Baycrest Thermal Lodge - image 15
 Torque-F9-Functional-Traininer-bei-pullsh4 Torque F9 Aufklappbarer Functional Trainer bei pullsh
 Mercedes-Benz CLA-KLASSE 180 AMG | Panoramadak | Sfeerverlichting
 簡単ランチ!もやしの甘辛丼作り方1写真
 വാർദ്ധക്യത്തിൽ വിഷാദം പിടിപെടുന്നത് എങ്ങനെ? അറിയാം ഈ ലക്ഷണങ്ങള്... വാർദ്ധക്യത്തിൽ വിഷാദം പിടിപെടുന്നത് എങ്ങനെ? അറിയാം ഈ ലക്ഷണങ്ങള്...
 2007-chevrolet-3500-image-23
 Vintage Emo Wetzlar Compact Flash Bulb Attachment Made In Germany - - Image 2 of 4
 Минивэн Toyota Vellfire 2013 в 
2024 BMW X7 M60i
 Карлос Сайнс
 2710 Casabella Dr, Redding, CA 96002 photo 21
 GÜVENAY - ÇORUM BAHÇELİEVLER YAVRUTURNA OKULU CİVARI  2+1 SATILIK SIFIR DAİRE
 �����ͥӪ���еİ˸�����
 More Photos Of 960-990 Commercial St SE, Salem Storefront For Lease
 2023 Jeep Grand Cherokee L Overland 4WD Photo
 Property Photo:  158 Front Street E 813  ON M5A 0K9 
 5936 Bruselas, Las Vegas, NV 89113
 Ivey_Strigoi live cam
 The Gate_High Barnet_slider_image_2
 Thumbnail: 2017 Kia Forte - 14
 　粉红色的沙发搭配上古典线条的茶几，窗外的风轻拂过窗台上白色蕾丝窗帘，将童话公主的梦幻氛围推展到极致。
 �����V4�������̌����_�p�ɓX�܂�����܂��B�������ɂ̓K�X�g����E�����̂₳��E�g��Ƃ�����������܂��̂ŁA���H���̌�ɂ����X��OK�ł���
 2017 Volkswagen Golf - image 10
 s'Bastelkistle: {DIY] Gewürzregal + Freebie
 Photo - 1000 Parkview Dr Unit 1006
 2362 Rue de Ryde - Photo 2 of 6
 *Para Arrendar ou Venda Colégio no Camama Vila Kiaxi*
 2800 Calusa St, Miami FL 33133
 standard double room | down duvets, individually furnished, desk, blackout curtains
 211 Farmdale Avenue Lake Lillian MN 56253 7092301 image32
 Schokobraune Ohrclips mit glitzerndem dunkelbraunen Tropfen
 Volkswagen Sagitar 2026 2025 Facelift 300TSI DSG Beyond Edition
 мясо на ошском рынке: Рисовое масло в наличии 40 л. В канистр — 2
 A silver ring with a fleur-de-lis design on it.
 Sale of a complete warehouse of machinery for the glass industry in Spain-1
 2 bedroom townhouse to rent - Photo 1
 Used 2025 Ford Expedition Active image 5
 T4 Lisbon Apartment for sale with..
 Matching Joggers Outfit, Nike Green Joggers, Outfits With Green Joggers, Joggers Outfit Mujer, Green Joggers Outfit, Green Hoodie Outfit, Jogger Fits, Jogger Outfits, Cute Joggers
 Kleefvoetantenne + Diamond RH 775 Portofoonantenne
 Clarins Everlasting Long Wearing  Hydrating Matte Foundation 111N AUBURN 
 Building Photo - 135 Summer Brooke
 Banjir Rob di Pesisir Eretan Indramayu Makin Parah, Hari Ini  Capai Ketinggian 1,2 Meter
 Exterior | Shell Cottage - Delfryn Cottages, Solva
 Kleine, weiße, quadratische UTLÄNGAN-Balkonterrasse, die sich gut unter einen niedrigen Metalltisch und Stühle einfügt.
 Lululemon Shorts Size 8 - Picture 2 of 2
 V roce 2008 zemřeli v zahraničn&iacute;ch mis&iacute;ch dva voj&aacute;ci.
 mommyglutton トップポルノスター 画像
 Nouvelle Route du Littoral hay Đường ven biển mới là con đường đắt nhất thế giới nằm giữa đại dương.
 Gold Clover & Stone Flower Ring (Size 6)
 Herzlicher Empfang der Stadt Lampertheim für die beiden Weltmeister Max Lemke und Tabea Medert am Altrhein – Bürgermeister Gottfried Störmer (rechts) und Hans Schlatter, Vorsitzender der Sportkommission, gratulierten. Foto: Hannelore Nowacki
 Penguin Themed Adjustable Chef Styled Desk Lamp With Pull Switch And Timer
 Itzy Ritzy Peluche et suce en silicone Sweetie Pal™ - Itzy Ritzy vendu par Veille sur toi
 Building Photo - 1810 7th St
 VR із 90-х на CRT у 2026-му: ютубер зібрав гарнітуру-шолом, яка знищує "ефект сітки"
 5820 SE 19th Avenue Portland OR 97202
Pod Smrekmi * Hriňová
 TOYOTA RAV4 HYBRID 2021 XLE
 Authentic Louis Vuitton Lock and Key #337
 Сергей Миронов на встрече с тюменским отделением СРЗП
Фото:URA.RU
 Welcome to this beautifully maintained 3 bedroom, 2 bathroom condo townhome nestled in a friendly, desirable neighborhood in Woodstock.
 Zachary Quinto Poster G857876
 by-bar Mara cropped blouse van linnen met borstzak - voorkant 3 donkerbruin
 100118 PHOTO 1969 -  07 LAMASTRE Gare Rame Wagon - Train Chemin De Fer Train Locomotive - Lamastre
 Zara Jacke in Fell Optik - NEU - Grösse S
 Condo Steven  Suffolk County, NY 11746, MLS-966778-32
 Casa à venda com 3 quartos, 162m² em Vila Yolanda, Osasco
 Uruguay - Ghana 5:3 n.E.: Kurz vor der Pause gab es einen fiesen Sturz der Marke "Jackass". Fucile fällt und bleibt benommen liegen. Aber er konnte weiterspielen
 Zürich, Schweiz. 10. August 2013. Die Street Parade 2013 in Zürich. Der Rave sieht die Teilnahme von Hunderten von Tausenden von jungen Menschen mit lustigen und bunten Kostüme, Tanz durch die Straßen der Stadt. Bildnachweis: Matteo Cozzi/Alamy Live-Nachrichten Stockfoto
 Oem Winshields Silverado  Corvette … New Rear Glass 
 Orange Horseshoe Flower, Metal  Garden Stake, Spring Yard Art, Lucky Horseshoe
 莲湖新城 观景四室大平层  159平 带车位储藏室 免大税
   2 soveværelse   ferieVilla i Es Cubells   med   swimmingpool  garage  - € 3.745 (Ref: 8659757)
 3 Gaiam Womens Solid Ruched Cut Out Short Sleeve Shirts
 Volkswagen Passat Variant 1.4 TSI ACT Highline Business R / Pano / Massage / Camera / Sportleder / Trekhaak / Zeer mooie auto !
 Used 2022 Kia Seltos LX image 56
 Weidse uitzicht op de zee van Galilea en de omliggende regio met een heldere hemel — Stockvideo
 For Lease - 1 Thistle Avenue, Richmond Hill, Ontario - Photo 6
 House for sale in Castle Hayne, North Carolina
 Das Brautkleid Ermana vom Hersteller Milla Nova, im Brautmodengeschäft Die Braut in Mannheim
+ + +
Extract the lines above, from the first one through the one containing "2007-chevrolet-3500-image-23", and return only those, unchanged.

Baycrest Thermal Lodge - image 15
 Torque-F9-Functional-Traininer-bei-pullsh4 Torque F9 Aufklappbarer Functional Trainer bei pullsh
 Mercedes-Benz CLA-KLASSE 180 AMG | Panoramadak | Sfeerverlichting
 簡単ランチ!もやしの甘辛丼作り方1写真
 വാർദ്ധക്യത്തിൽ വിഷാദം പിടിപെടുന്നത് എങ്ങനെ? അറിയാം ഈ ലക്ഷണങ്ങള്... വാർദ്ധക്യത്തിൽ വിഷാദം പിടിപെടുന്നത് എങ്ങനെ? അറിയാം ഈ ലക്ഷണങ്ങള്...
 2007-chevrolet-3500-image-23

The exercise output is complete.